# How to reduce a large time series dataset

Dear all,

I have a large data set with 64 million observations containing high frequency (up to the second) data for currencies for a time period of 68 days.

I would like to reduce this dataset to a minute interval that is. Randomly to pick for each currency 1 observation per minute. This should net 60x24=1440 observations per day per currency and around 100 000(1440x68) per currency for the whole time period.

Since I have around 10 currencies the dataset will be reduced from 64 million to 10x100 000= 1 million.

Do you have any ideas on how to reduce the dataset based on my suggestion?
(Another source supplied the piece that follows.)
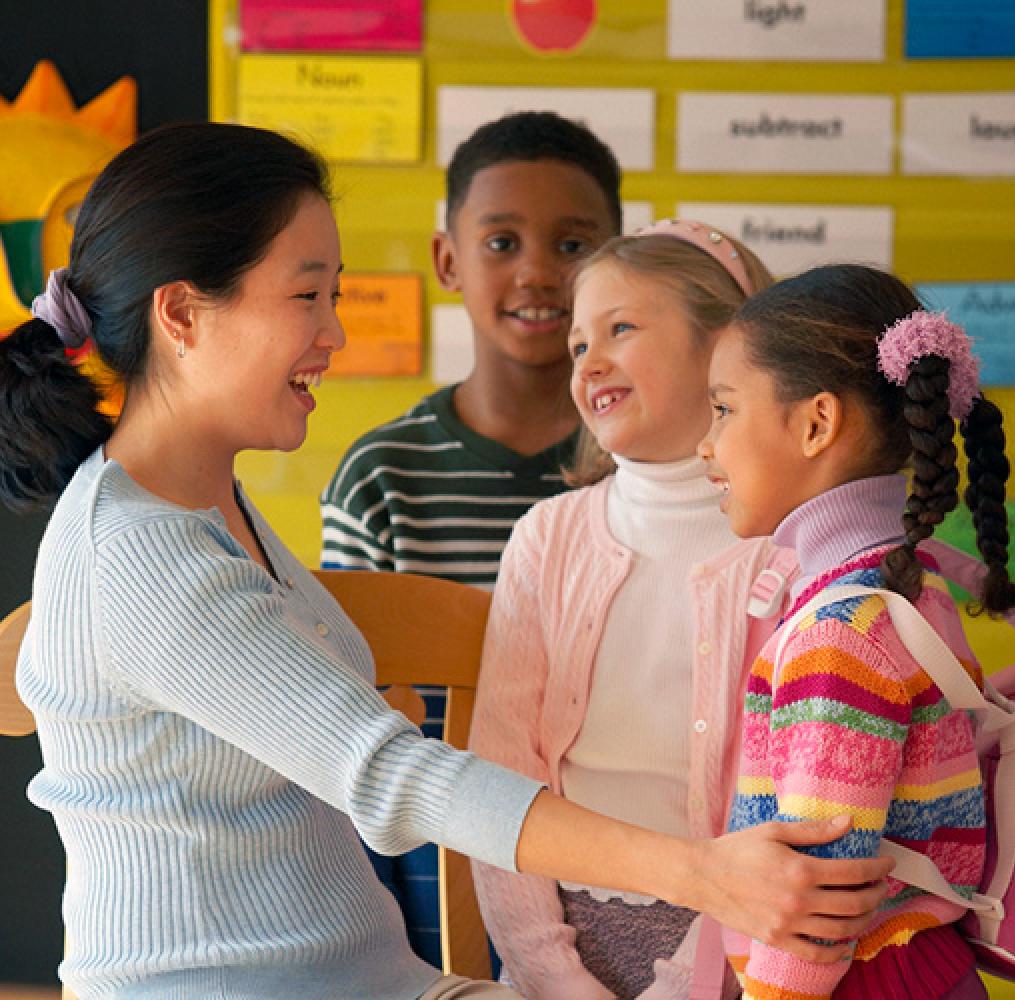 Teacher at eye level with elementary aged students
I will then use this reduced dataset to overcome the computation difficulties that appear in the matching question post (see above link)

Attached is a sample of the data set for only once currency.

Thank you

Best

Neo

‎03-03-2013 04:06 PM
Posts: 5,521

## Re: How to reduce a large time series dataset

If your full dataset is sorted by _RIC, date_G_ and time_G_, you could use surveyselect this way :

proc sql;
create view chfReuters3 as
select

*,

intnx("MINUTE", dhms(datepart(date_G_), hour(time_G_), minute(time_G_), second(time_G_)), 0)
as minute format=datetime13.
from sasforum.chfReuters3;
quit;

options nonotes; /* Prevents the printing of a note for every minute with only 1 obs */

proc surveyselect data=chfReuters3 out=chfReutersMinute method=srs sampsize=1;
strata _RIC minute;
run;

options notes;

PG

PG

## Re: How to reduce a large time series dataset

PG,

Many thanks for this one, it worked perfectly. Apologies for the late reply, had the impression I had provided feedback

Cheers

Neo